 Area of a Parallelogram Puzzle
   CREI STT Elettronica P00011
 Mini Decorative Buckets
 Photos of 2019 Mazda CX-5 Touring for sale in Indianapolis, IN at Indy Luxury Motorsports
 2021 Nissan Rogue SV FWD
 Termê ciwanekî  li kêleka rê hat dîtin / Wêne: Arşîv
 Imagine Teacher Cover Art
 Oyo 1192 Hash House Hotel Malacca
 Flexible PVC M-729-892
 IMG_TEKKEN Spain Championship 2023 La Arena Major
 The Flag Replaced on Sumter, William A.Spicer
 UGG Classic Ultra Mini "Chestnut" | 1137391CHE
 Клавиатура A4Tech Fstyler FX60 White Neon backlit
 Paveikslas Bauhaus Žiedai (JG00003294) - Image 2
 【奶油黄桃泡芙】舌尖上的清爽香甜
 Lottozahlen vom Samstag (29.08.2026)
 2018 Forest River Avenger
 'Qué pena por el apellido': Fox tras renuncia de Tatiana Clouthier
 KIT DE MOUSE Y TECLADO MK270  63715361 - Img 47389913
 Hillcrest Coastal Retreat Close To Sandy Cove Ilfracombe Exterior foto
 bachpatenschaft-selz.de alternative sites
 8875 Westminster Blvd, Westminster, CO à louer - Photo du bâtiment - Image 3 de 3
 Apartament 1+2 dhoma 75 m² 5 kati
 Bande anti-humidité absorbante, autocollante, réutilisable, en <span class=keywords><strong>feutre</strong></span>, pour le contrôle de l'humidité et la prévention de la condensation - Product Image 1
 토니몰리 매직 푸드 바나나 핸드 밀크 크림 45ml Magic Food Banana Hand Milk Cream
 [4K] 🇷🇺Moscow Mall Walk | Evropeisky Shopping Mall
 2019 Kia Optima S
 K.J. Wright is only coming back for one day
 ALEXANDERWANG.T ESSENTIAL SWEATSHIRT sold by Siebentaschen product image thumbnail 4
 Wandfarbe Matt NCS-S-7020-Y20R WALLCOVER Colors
+ + +
→ GOAL OF THE EXERCISE:
Copy out, word for word, only the lines from the one with "CREI STT Elettronica P00011" through the last line of the material above.

→ TASK ANSWER:
   CREI STT Elettronica P00011
 Mini Decorative Buckets
 Photos of 2019 Mazda CX-5 Touring for sale in Indianapolis, IN at Indy Luxury Motorsports
 2021 Nissan Rogue SV FWD
 Termê ciwanekî  li kêleka rê hat dîtin / Wêne: Arşîv
 Imagine Teacher Cover Art
 Oyo 1192 Hash House Hotel Malacca
 Flexible PVC M-729-892
 IMG_TEKKEN Spain Championship 2023 La Arena Major
 The Flag Replaced on Sumter, William A.Spicer
 UGG Classic Ultra Mini "Chestnut" | 1137391CHE
 Клавиатура A4Tech Fstyler FX60 White Neon backlit
 Paveikslas Bauhaus Žiedai (JG00003294) - Image 2
 【奶油黄桃泡芙】舌尖上的清爽香甜
 Lottozahlen vom Samstag (29.08.2026)
 2018 Forest River Avenger
 'Qué pena por el apellido': Fox tras renuncia de Tatiana Clouthier
 KIT DE MOUSE Y TECLADO MK270  63715361 - Img 47389913
 Hillcrest Coastal Retreat Close To Sandy Cove Ilfracombe Exterior foto
 bachpatenschaft-selz.de alternative sites
 8875 Westminster Blvd, Westminster, CO à louer - Photo du bâtiment - Image 3 de 3
 Apartament 1+2 dhoma 75 m² 5 kati
 Bande anti-humidité absorbante, autocollante, réutilisable, en <span class=keywords><strong>feutre</strong></span>, pour le contrôle de l'humidité et la prévention de la condensation - Product Image 1
 토니몰리 매직 푸드 바나나 핸드 밀크 크림 45ml Magic Food Banana Hand Milk Cream
 [4K] 🇷🇺Moscow Mall Walk | Evropeisky Shopping Mall
 2019 Kia Optima S
 K.J. Wright is only coming back for one day
 ALEXANDERWANG.T ESSENTIAL SWEATSHIRT sold by Siebentaschen product image thumbnail 4
 Wandfarbe Matt NCS-S-7020-Y20R WALLCOVER Colors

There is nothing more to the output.